Who advises car manufacturers about the names they give their cars? An advertising agency? A focus group? Well it certainly wasn’t anyone who speaks Spanish. Check out what “pajero” means in Spanish using Google Translate. Or read on and I will tell you at the end of this piece.
I’ll bet they didn’t sell many cars bearing that name in Hispanic countries.
This is my (t)rusty vehicle. I have nicknamed her Phyllis. She is still going strong, even though she has done 109,000 km since leaving the production line. For any petrol heads who read my blog, she has a 3.5 litre engine DOHC24v – Double Over Head Camshaft with 24 valves. The engine is probably turbocharged too, because if I put my foot down, she goes like s*** off a shovel. Unfortunately she burns oil and drinks petrol. She has survived dozens of doctors who have worked in the Luangwa Valley, even one who nearly drove her into a hippo this morning. (Well, it was a very early start, there was a hint of dawn mist, and the track was twisting and turning. I saw the hippo in good time and did an emergency stop. We were both covered in dust, but that was fine for her as she was on the way back to the water.)

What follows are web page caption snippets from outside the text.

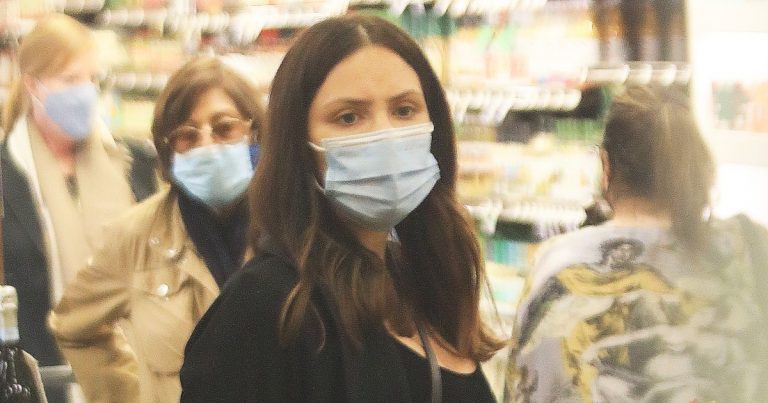 See Pregnant Katharine McPhee Covering Baby Bump While Grocery Shopping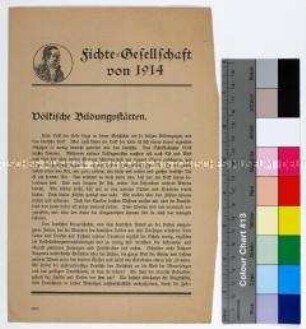 Programmatische Flugschrift der Fichte-Gesellschaft von 1914 mit angefügter Beitrittserklärung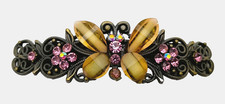 Vintage 3.25 Barrette Filigree Lucite Winged Butterfly Pink Rhinestones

There are a few dings in the bodywork, the sealant around the windscreen has come off and a few wheelnuts are missing. She is a pretty shade of dark blue, but this is the colour which most attracts tsetse flies. These are a real pest on a game drive. They can bite through clothing and are ambivalent to powerful insect repellent, like DEET. Being aware of this problem, I had packed a secret anti-tsetse weapon. I’ve got one of those battery-driven, fly-frying gadgets which look like an over-strung tennis racquet. As sold in Pound Shops everywhere. It has had so much use I am on my second lot of batteries. It broke yesterday and required splinting with zinc oxide tape. It works, but even after sparking and emitting smoke, some of the tsetse flies refuse to die and make a miraculous recovery. Those which do succumb I have seen being carried off by the resident ants which live in the vehicle’s ashtray. Rather appropriate for a cremated fly, I thought.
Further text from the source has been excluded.